Plans to become a senior financial accountant should include acquiring a variety of experience in certain areas. You could become senior accountant in accounts receivable, accounts payable, or in the general ledger area. The key in getting into a senior role is to be able to learn and perform tasks so that you are able to train others. It is not uncommon for senior accountants to supervise staff accountants and clerical workers, making good communication skills a must.

If you have a four-year degree and some experience in accounting or bookkeeping, the next step is to prove that you can do senior-level work. Senior financial accountants know why they perform certain tasks and how those tasks relate to other accounting processes. They are aware of the theory behind the work and do not need to be trained on basic accounting processes. Senior financial accountants ask questions about their work to make sure they understand what they are doing and why.


Senior accountants usually perform work associated with financial audits, including special schedules and reconciliations. They may work directly with auditors and answer questions about financial processes and accounting issues, such as reasons for adjustments, discrepancies, account analysis, and reports. They have the experience to understand audit questions and respond to them in a professional manner, avoiding overly emotional responses or immature remarks. They may need to research issues or to get answers from staff personnel.

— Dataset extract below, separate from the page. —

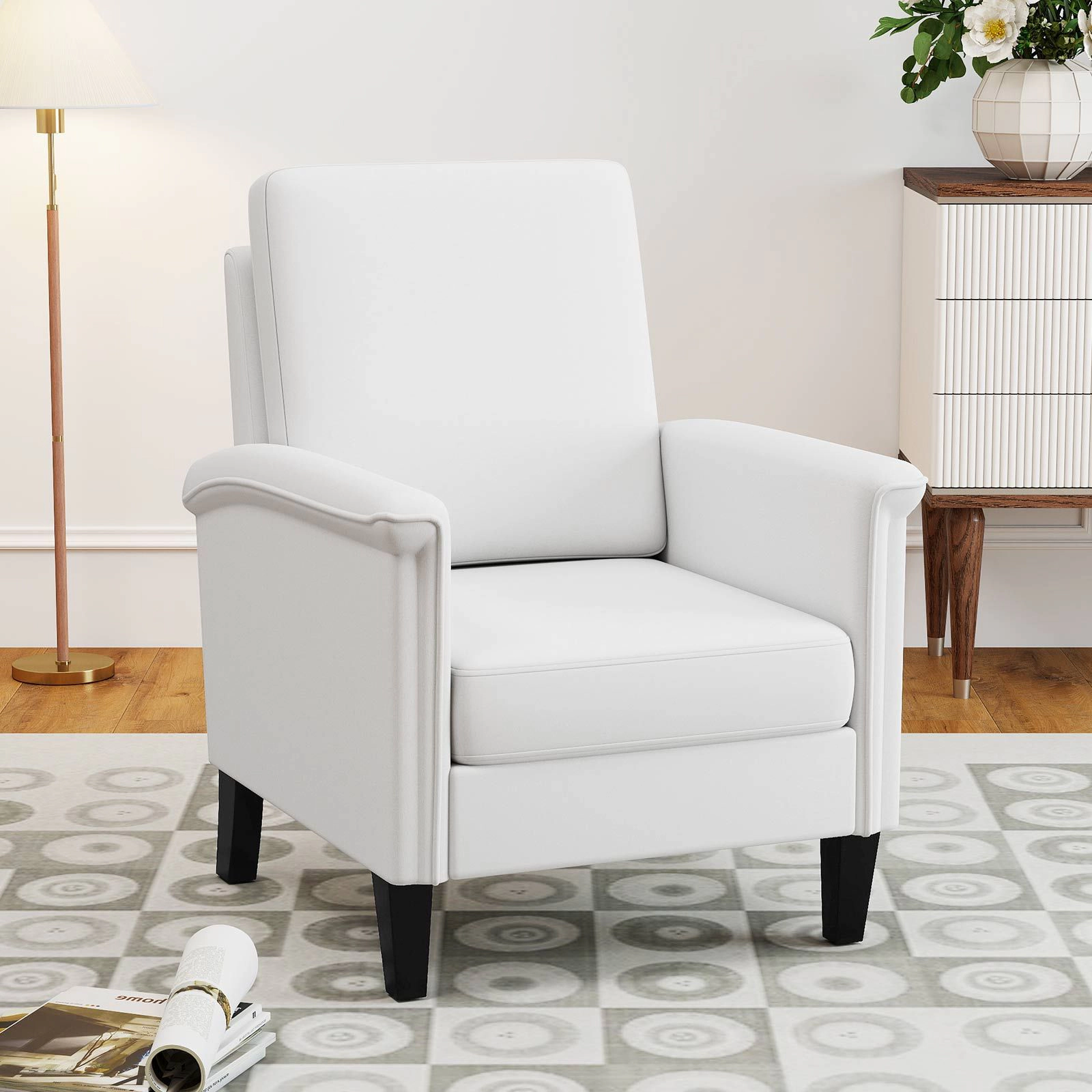 SlickBlue Unisex Floral Linen Accent Chair with Padded Arms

If you are serious about becoming a senior accountant, you should look for challenges at work and ask questions to really learn the processes thoroughly. You should become familiar with the general ledger and how it works in generating computerized reports. The closer you are to generating financial reports, the better your chances to become a senior financial accountant. If you are working in accounts receivable, for example, learn how the accounts receivable transactions affect the general ledger. There are many ways to gain a senior position, and the combination of education and experience provides many with the path to this job.